Przestępcy starannie zaplanowali skok. Wcześniej obserwowali salon, żeby poznać zwyczaje jego pracowników i zdobyć wiedzę, gdzie są przechowywane kluczki samochodowe. Prawdopodobnie odwiedzili też salon, udając klientów. Interesowały ich dobrze wyposażone wozy z górnej półki - mitsubishi eclipse cross, który niedawno pojawił się na polskim rynku, i mitsubishi ASX.
Gdy zgromadzili potrzebne informacje, w poniedziałek 5 marca około godz. 3 podjechali pod salon samochodem. Dwaj mężczyźni przeskoczyli przez metalową bramę i dostali się na teren salonu. Na głowach mieli kaptury. Jeden z nich posiadał skaner służący do wzmocnienia sygnału nadawanego przez kluczyki samochodowe (jedno takie urządzenie kosztuje około 20 tys. euro).

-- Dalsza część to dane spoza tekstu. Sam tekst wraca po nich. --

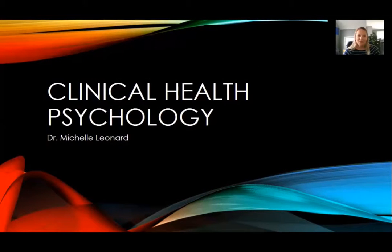Hello, my name is Dr. Michelle Leonard. I'm a clinical health psychologist here in the department of behavioral sciences at the University of Michigan-Dearborn. I'm going to be talking with you today about clinical health psychology. Before we get into clinical health psychology, I want to take a few seconds to make sure that we're on the same page on what clinical psychology is.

Złodziej zbliżył się do szklanych drzwi salonu i wychwycił sygnał. Został on wzmocniony skanerem i przestępcy bez problemu otworzyli drzwi w dwóch mitsubishi eclipse i mitsubishi ASX. Uruchomili silniki i wyjechali. Próbowali ukraść jeszcze jeden samochód, ale im się to nie udało.
Kradzież aut trwała krótko. Odbyła się bez brzęku wybijanych szyb w samochodach, łamania zamków w drzwiach i podłączania komputera umożliwiającego obejście zabezpieczeń. Z posesji złodzieje wyjechali, demontując przęsło metalowego ogrodzenia przy głównej bramie.
Po trzech dniach policjanci z wydziału samochodowego odnaleźli mitsubishi eclipse cross w pobliżu skrzyżowania ulic Kilińskiego i Zarzewskiej. ASX stało na osiedlu Kurak w Zgierzu.